From:	Scott Marlowe <scott(dot)marlowe(at)gmail(dot)com>
To:	Tom Lane <tgl(at)sss(dot)pgh(dot)pa(dot)us>
Cc:	Matthew Wakeling <matthew(at)flymine(dot)org>, pgsql-performance(at)postgresql(dot)org
Subject:	Re: merge join killing performance
Date:	2010-05-19 17:08:21
Message-ID:	AANLkTim6976amN_52jOUSGepq7N5aV2qy1jTBLSSJKbV@mail.gmail.com
Views:	Raw Message \| Whole Thread \| Download mbox \| Resend email
Lists:	pgsql-hackers pgsql-performance

On Wed, May 19, 2010 at 10:53 AM, Tom Lane <tgl(at)sss(dot)pgh(dot)pa(dot)us> wrote:
> Matthew Wakeling <matthew(at)flymine(dot)org> writes:
>> On Tue, 18 May 2010, Scott Marlowe wrote:
>>> Aggregate (cost=902.41..902.42 rows=1 width=4)
>>> -> Merge Join (cost=869.97..902.40 rows=1 width=4)
>>> Merge Cond: (f.eid = ev.eid)
>>> -> Index Scan using files_eid_idx on files f
>>> (cost=0.00..157830.39 rows=3769434 width=8)
>
>> Okay, that's weird. How is the cost of the merge join only 902, when the
>> cost of one of the branches 157830, when there is no LIMIT?
>
> It's apparently estimating (wrongly) that the merge join won't have to
> scan very much of "files" before it can stop because it finds an eid
> value larger than any eid in the other table. So the issue here is an
> inexact stats value for the max eid.

That's a big table. I'll try cranking up the stats target for that
column and see what happens. Thanks!

From:	Scott Marlowe <scott(dot)marlowe(at)gmail(dot)com>
To:	Tom Lane <tgl(at)sss(dot)pgh(dot)pa(dot)us>
Cc:	Matthew Wakeling <matthew(at)flymine(dot)org>, pgsql-performance(at)postgresql(dot)org
Subject:	Re: merge join killing performance
Date:	2010-05-19 20:27:05
Message-ID:	AANLkTimfo4qryWUFj6sYRSlQrFZpgLaqB3__Vt0y2Rdl@mail.gmail.com
Views:	Raw Message \| Whole Thread \| Download mbox \| Resend email
Lists:	pgsql-hackers pgsql-performance

I changed stats target to 1000 for that field and still get the bad plan.
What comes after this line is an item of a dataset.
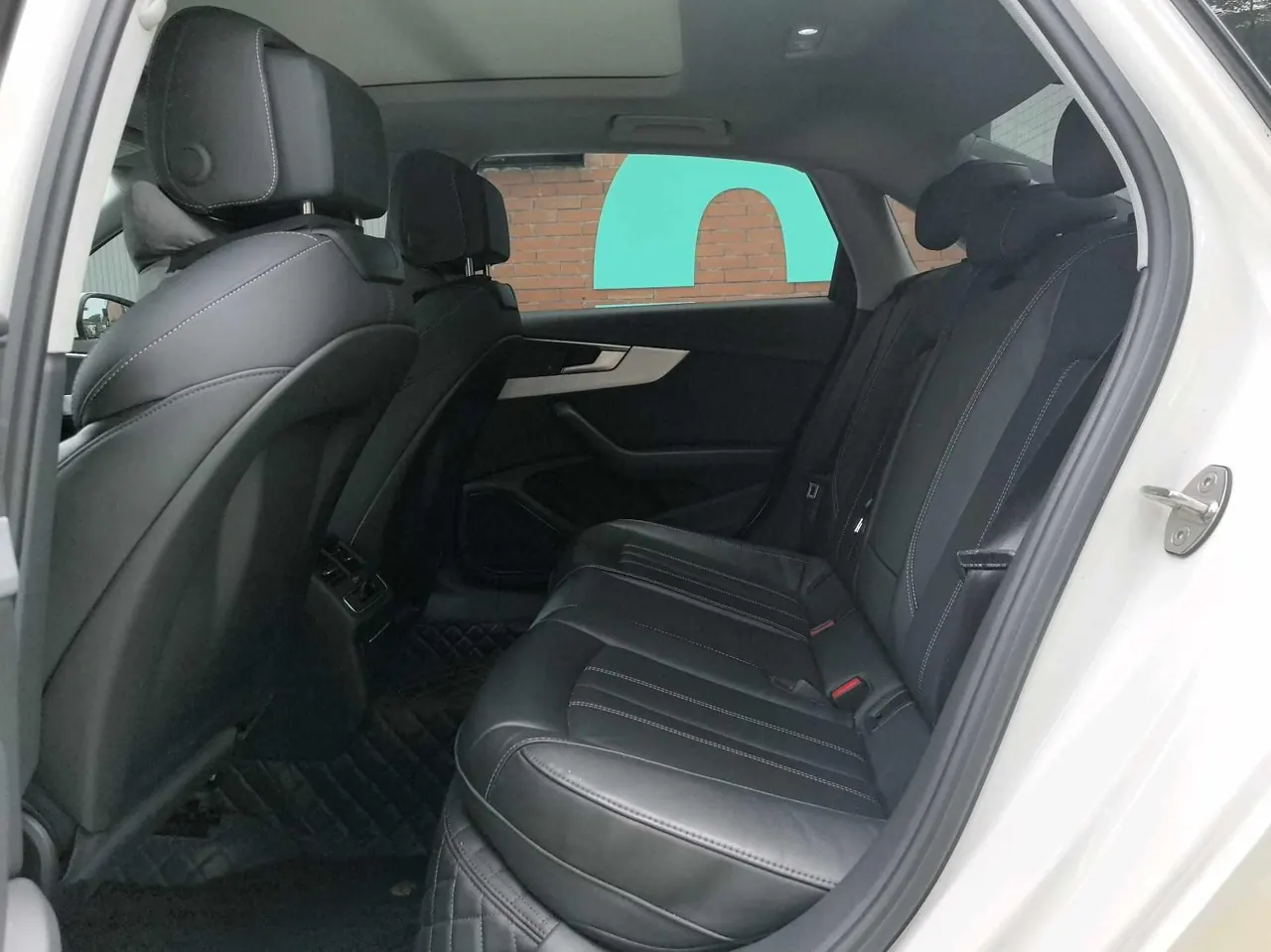 Audi 2022 A4L 2.0TFSI 40TFSI Fashion Dynamic Automatic 6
From:	Scott Marlowe <scott(dot)marlowe(at)gmail(dot)com>
To:	Tom Lane <tgl(at)sss(dot)pgh(dot)pa(dot)us>
Cc:	Matthew Wakeling <matthew(at)flymine(dot)org>, pgsql-performance(at)postgresql(dot)org
Subject:	Re: merge join killing performance
Date:	2010-05-19 20:47:06
Message-ID:	AANLkTin18NoamzGnXHAo5VK6bmDe104ncq2gvsp7u0ug@mail.gmail.com
Views:	Raw Message \| Whole Thread \| Download mbox \| Resend email
Lists:	pgsql-hackers pgsql-performance

On Wed, May 19, 2010 at 2:27 PM, Scott Marlowe <scott(dot)marlowe(at)gmail(dot)com> wrote:
> On Wed, May 19, 2010 at 10:53 AM, Tom Lane <tgl(at)sss(dot)pgh(dot)pa(dot)us> wrote:
>> Matthew Wakeling <matthew(at)flymine(dot)org> writes:
>>> On Tue, 18 May 2010, Scott Marlowe wrote:
>>>> Aggregate (cost=902.41..902.42 rows=1 width=4)
>>>> -> Merge Join (cost=869.97..902.40 rows=1 width=4)
>>>> Merge Cond: (f.eid = ev.eid)
>>>> -> Index Scan using files_eid_idx on files f
>>>> (cost=0.00..157830.39 rows=3769434 width=8)
>>
>>> Okay, that's weird. How is the cost of the merge join only 902, when the
>>> cost of one of the branches 157830, when there is no LIMIT?
>>
>> It's apparently estimating (wrongly) that the merge join won't have to
>> scan very much of "files" before it can stop because it finds an eid
>> value larger than any eid in the other table. So the issue here is an
>> inexact stats value for the max eid.
>
> I changed stats target to 1000 for that field and still get the bad plan.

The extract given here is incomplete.